Hugs! ❤❤ Sometimes it helps to just stop fighting it in a sense. To just ignore all of the people that put doubts in your mind, and trust your heart that you are doing something beautiful and right. You got this! Thank you for being here.
After the first time I was shamed, I did a ton of research, and came up with a few memorized lines I can say when people give me guff for nursing. I love KellyMom dot com, and more lists of all the benefits to both mother and baby of biological nursing. Never let anyone put down what you know in your heart is right!

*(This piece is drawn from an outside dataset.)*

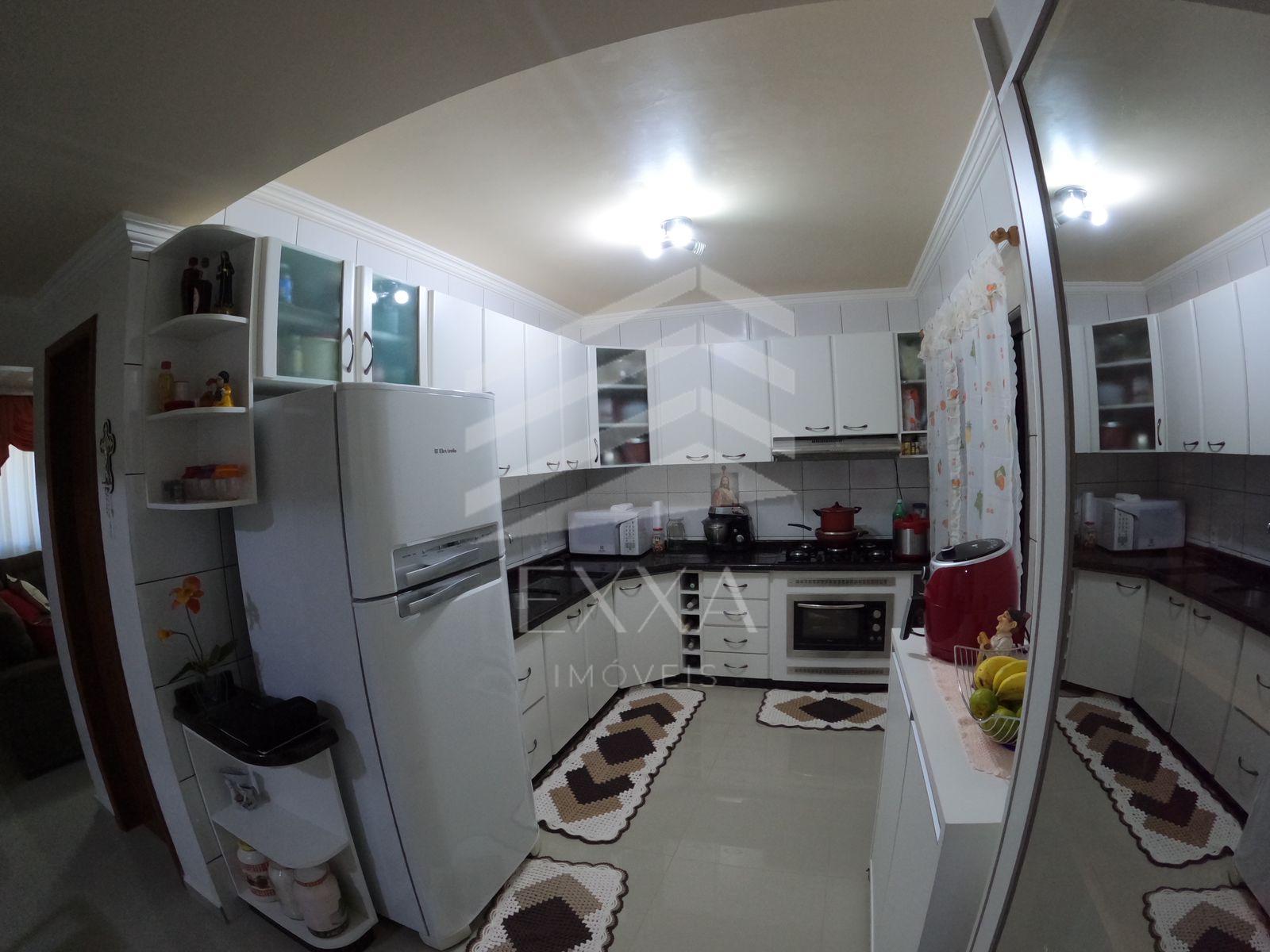 Sobrado Com 03 Dormitórios, Por R 980.000,00 Vila Tolentino, Cascavel-Pr.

Hi there. Thank you for this beautiful piece from your heart. I have 2 children. My eldest is 11 and my youngest is 7. He breastfed until the week his sister turned 11. It hit me that I had been a parent for 11 years and breastfed for all of them, and suddenly a huge role I had as a mother was evolving. It has been so beautiful and beautifully tapered off and ended. What I quickly discovered was that I was a more balanced mom to both my kids when not producing milk. I have been able to offer more of myself. I will forever treasure those days and know I gave every ounce of me and continue now, just in many different ways.
That’s so beautiful, Laura. ❤❤ Thank you for sharing. I hope we have just as beautiful a transition once mine are done.